A slingshot from Homestead's moat is a shantytown, Badfort, where Uncle's rivals guzzle Black Tom and constantly plot his downfall and humiliation. There's also a vast department store close by (possibly modelled on London's lost bazaar, Gamages), where everything is fantastically cheap, and a rival store where the unwary pay equally fantastic high prices. In this pocket universe of vivid contrasts, Uncle is a kind of benevolent dictator who isn't quite as bright as he likes to think he is (despite his BA). He's also something of a snob, but he engages the reader's sympathy because his considerable dignity and boldness is undercut by unexpected reversals and undeserved pratfalls and humiliations during his wars of attrition with his rivals in the shanty town of Badfort. It's a comedy of embarrassment and exasperation akin to Laurel and Hardy.

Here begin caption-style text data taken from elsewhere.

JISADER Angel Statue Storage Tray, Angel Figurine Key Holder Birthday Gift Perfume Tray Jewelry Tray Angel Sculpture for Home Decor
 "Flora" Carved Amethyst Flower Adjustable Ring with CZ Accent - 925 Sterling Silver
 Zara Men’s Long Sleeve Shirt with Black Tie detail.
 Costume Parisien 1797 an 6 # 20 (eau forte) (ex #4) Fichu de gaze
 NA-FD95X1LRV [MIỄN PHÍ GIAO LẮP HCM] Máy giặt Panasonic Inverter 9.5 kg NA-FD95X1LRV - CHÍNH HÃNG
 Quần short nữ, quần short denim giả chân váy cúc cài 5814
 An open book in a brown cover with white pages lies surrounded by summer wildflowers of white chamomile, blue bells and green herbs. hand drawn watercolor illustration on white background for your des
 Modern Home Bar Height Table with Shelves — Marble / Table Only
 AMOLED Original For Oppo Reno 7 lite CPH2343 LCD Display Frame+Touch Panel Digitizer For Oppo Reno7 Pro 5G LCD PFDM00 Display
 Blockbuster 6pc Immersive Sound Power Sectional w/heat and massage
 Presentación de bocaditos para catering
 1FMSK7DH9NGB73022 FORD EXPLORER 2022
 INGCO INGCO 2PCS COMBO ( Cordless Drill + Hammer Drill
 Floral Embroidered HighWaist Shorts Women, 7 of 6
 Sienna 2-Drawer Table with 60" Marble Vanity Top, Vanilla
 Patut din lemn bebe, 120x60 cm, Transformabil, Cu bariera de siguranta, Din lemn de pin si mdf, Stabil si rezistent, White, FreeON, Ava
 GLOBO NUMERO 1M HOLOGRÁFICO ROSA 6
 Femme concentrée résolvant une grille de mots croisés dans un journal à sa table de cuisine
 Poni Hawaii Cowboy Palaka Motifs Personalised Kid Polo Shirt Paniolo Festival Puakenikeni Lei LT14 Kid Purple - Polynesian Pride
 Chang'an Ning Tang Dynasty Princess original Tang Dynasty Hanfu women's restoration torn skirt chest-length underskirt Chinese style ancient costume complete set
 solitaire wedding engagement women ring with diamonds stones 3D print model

The first Uncle book I read, Uncle and the Treacle Trouble, was the fourth in the series; I immediately doubled back and read the other three, captivated by the surreal deadpan humour and the richness of Martin's imagined world, full of unmapped mysteries and underpinned by a zany logic. Somehow (probably because I left for university) I missed the last in the series, Uncle and the Battle for Badgertown, and while I kept an eye out for secondhand volumes they seemed to never turn up, and now first editions go for impressively high prices. The Uncle books are scarce, and there are a lot of Uncle fans, including a good number in the SF/F field. Although the first two books were recently reissued by the New York Review of Books in nice hardbacks, the others have long been out of print.

But now, at last, I have all six Uncle books inside the covers of a lovingly-produced omnibus, complete with Sir Quentin Blake's evocative ink-spattered illustrations, and with an introductory essay by James Martin Currey, J.P.Martin's grandson, essays by distinguished fans, and much else. The omnibus is the work of Marcus Gipps (disclosure: he's one of my editors at Gollancz), who funded publication with a Kickstarter campaign that was fully funded within four hours. The original plan was to produce 200 copies; in the end, 750 books have been printed for supporters, and another 750 are available in shops and online. Now if you'll excuse me, I'm about to dive back into Homeward's endless summer...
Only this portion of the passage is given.